* Exercise instructions
Could you repeat, word for word, the line with "Hotel Lucky Inn Manado Zewnętrze zdjęcie" and every line after it in the records below, leaving out any pictures?

Short web captions:
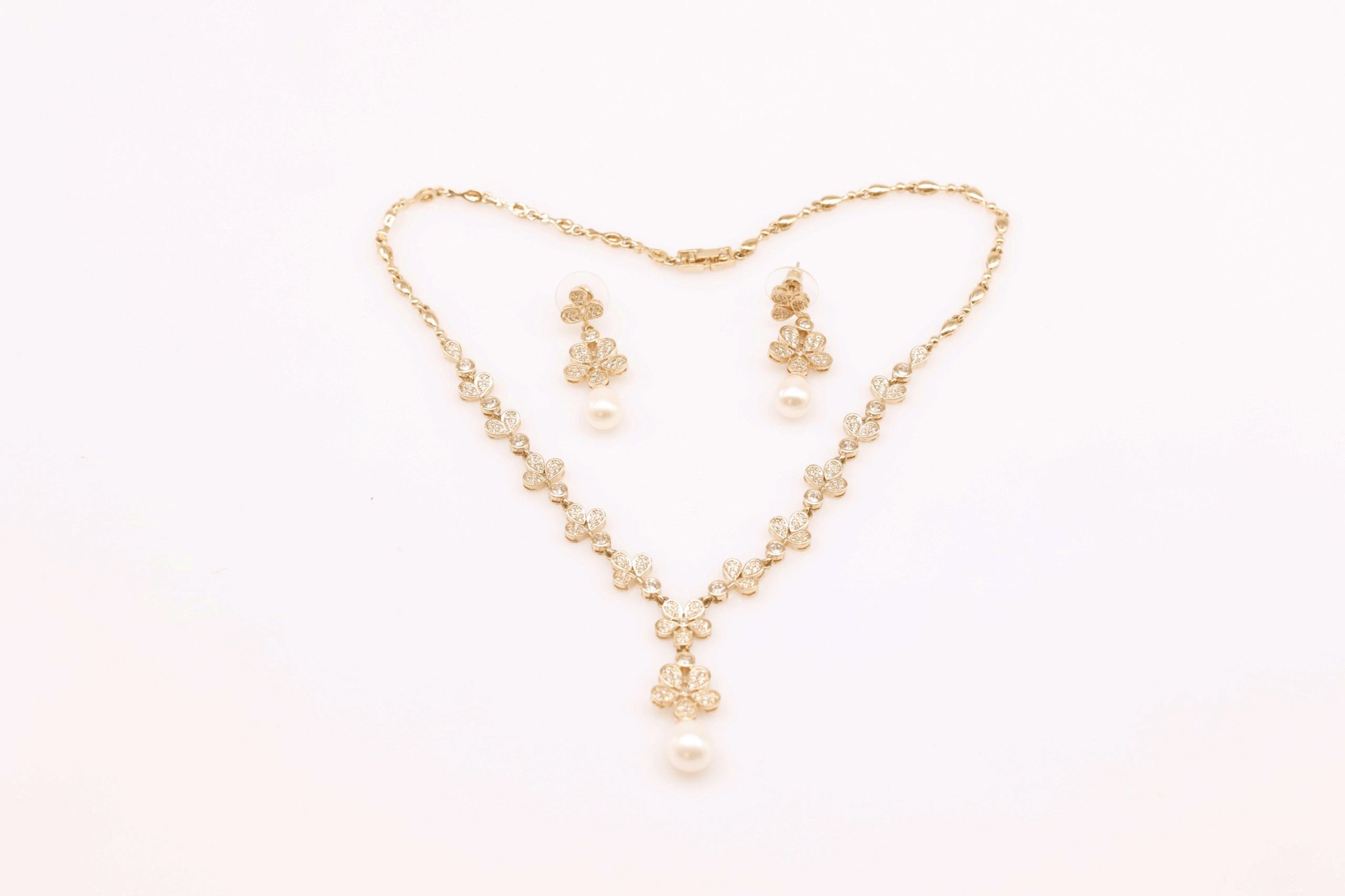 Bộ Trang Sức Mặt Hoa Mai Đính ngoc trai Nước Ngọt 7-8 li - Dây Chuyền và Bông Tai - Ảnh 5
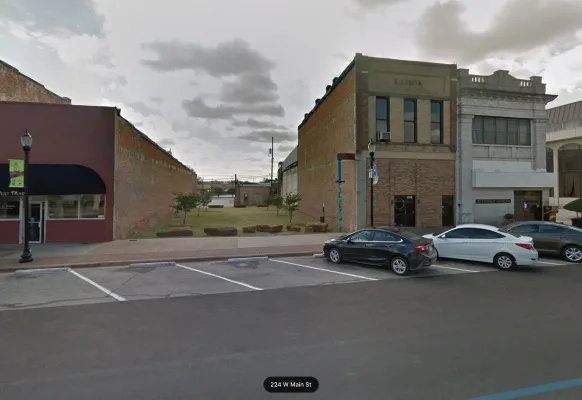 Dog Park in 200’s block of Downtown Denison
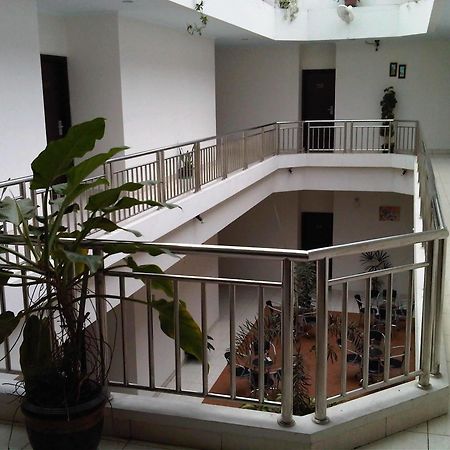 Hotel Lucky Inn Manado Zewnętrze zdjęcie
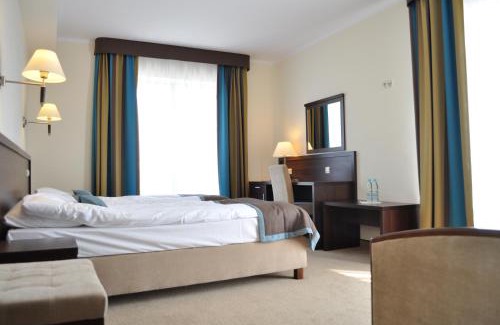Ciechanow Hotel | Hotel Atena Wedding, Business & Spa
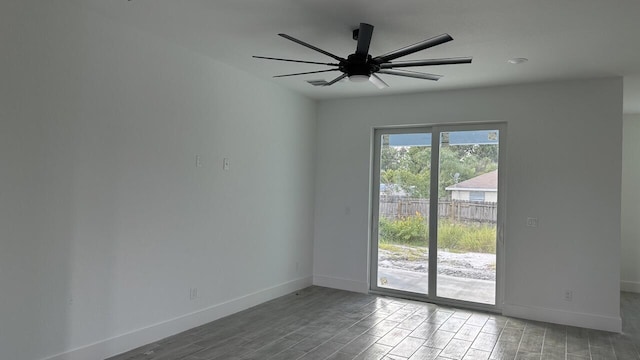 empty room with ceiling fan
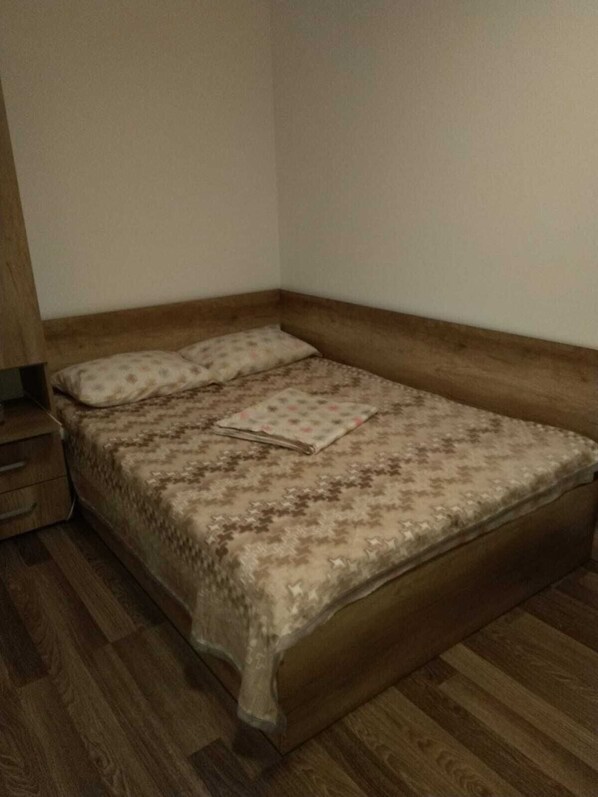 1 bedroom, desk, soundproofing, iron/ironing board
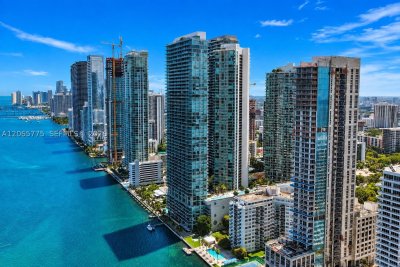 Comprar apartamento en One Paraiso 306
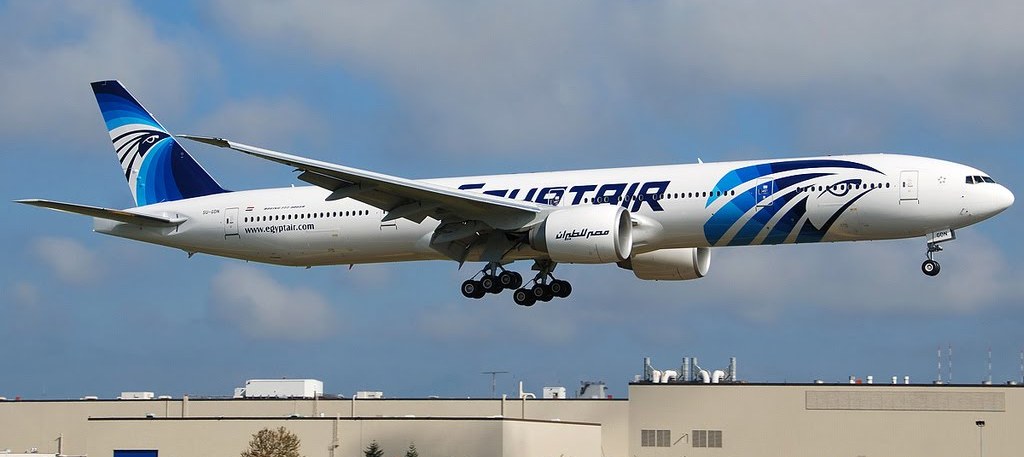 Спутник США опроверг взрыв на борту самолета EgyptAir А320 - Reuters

* Answer space
 Hotel Lucky Inn Manado Zewnętrze zdjęcie
Ciechanow Hotel | Hotel Atena Wedding, Business & Spa
 empty room with ceiling fan
 1 bedroom, desk, soundproofing, iron/ironing board
 Comprar apartamento en One Paraiso 306
 Спутник США опроверг взрыв на борту самолета EgyptAir А320 - Reuters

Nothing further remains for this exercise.